*Task details*
Take nothing but the lines from the one with "Kaklo limfadenopatija" through the one with "learn more about" in the entries below, both ends kept, and return them exactly with pictures left out.

*Provided information*

● ● ● ● ● ● ●

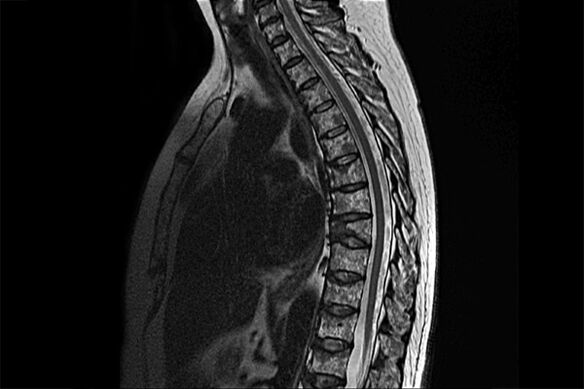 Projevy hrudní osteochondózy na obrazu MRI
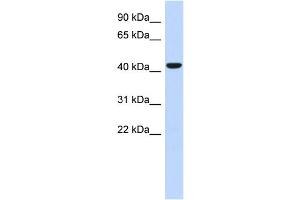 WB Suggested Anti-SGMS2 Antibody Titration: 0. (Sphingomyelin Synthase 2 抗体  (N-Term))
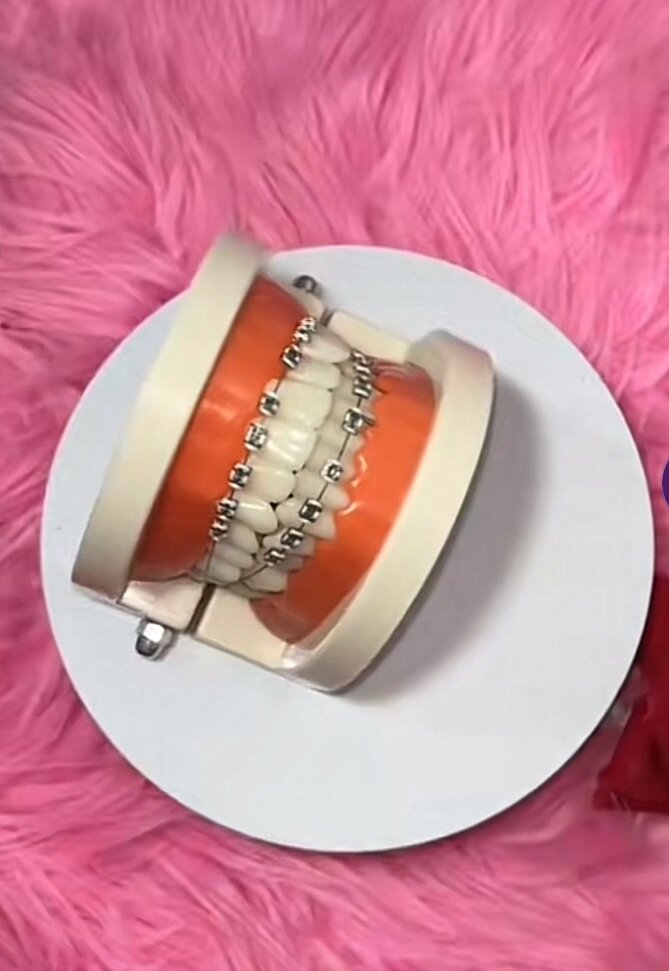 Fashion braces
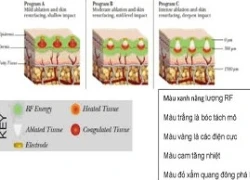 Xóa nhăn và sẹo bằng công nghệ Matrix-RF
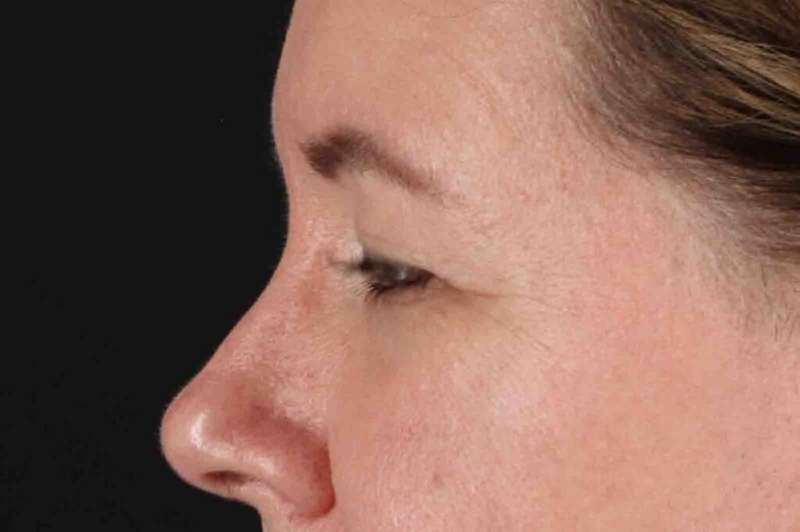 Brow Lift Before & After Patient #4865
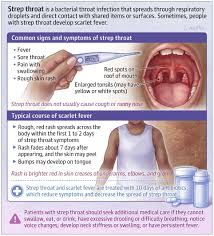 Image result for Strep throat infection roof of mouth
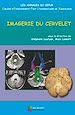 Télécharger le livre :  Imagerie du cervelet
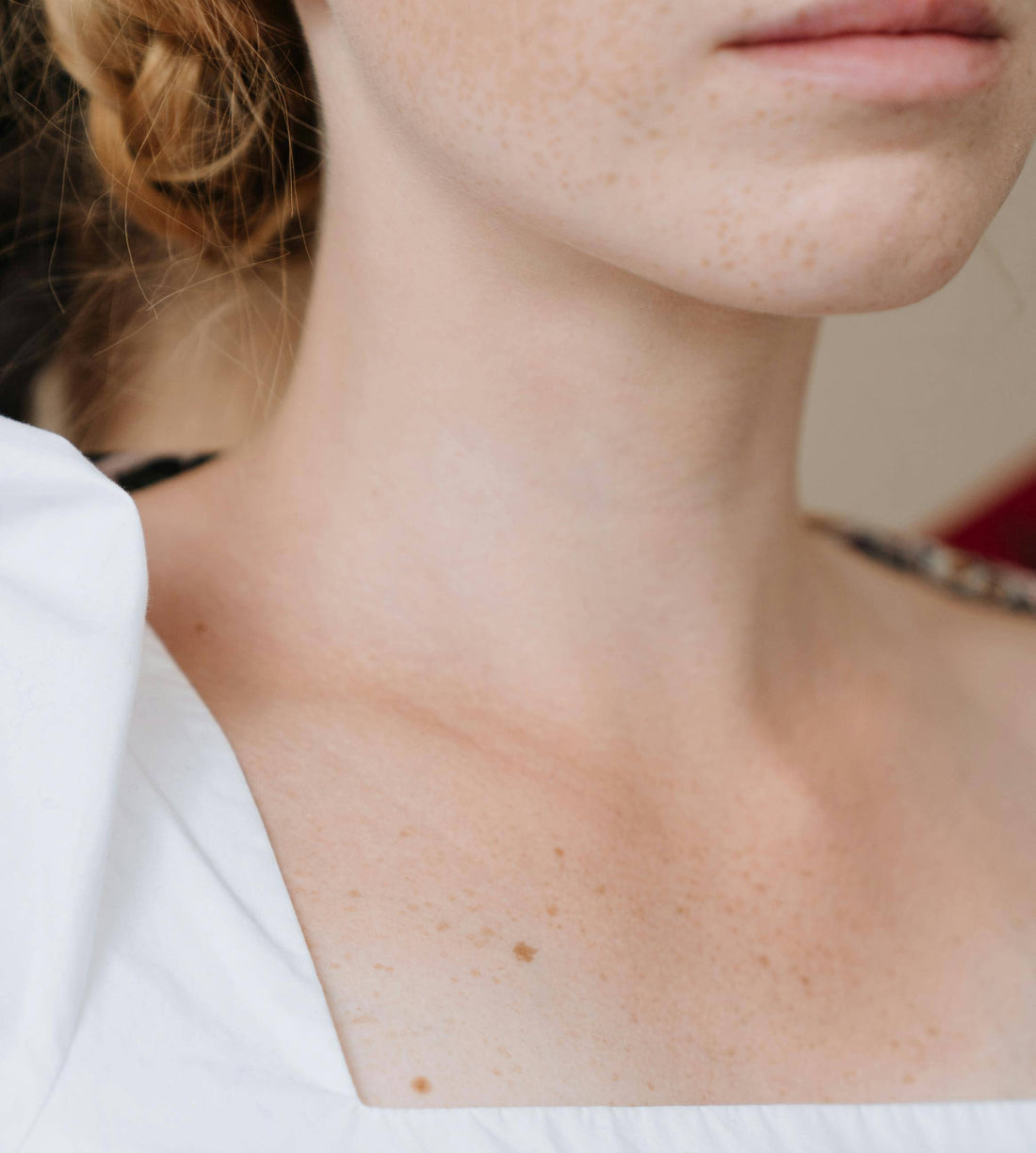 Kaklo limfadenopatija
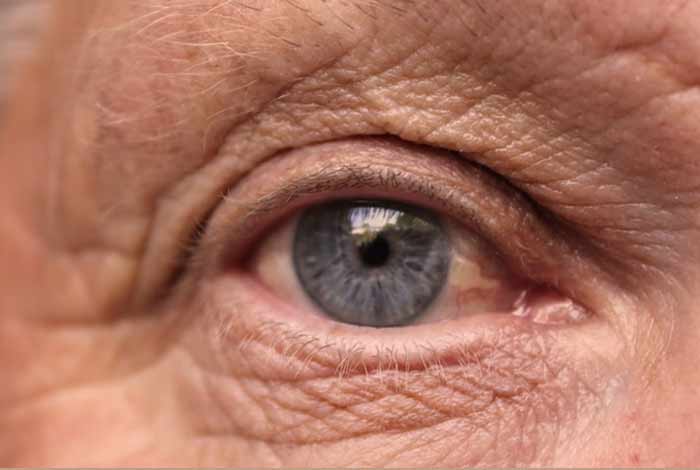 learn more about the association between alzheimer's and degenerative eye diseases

● ● ● ● ● ● ●

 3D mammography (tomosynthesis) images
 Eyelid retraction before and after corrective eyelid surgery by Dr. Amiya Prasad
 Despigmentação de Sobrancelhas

● ● ● ● ● ● ●

*Completed exercise*
 Kaklo limfadenopatija
 learn more about the association between alzheimer's and degenerative eye diseases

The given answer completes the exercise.